Expertise capture: Despite progress in recent years research into both advancing AI capability, and making breakthroughs on safety, remain dominated by a small, homogeneous group of technical experts. As Inioluwa Deborah Raji, and others, have pointed out, the field suffers from a significant lack of diversity in who gets to decide what "aligned" actually means [2]. When a narrow group (however defined), gets to pick both the problems and the solutions, blind spots are inevitable. The highly capital intensive nature of high-scale foundation models, contributes to a deepening of this effect in the system.
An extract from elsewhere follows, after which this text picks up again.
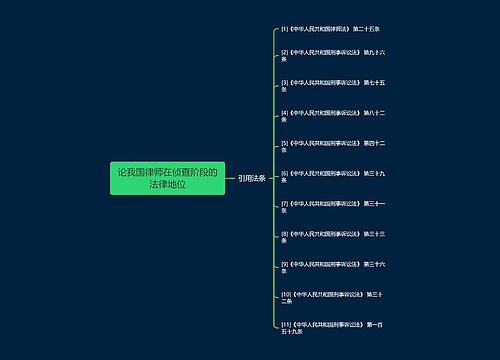 论我国律师在侦查阶段的法律地位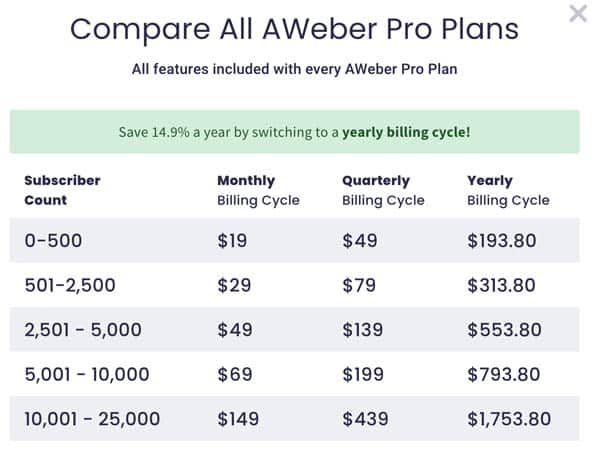 AWeber Monthly Plans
Preference uncertainty: Humans are notoriously bad at articulating what we truly want. As behavioural economists have demonstrated repeatedly, what we say we want often differs from what we choose, and both may differ from what actually improves our wellbeing [3]. This creates a fundamental challenge. If we cannot reliably identify our own values and preferences, how can we align AI with them?

Collective action problems: Even if individual preferences can be perfectly captured, aggregating them has further complications. Kenneth Arrow's impossibility theorem, shows that no voting system can translate individual preferences into a group decision, while still meeting the most basic rules of fairness [4]. And as we've seen with social media algorithms optimised for engagement, individual preferences can aggregate into societal outcomes that nobody wants.

Who decides the future of AI safety and development?

The debate about allocation of research effort between capabilities and safety, is often framed as two sides of the same coin. Many leaders in the field argue the technical expertise and the knowledge needed to advance safety goes hand in hand with developing and understanding capabilities. There is plenty of truth to this position. But the framing serves a convenient purpose. It reinforces the idea that a small select group should govern both domains. To me this consolidation of authority and control is a concern. I don’t doubt the leaders’ intentions. But power corrupts. And these technologies could turn out to be the most powerful ever developed.

While capabilities and safety do share technical dimensions, they lead to fundamentally different ideas in what the ‘right’ thing to do is. The question isn't simply whether an AI system accurately executes a given goal, but what goals it executes, and what end that serves in the world. These aren't merely technical questions. They are moral, political, philosophical, social, and economic ones.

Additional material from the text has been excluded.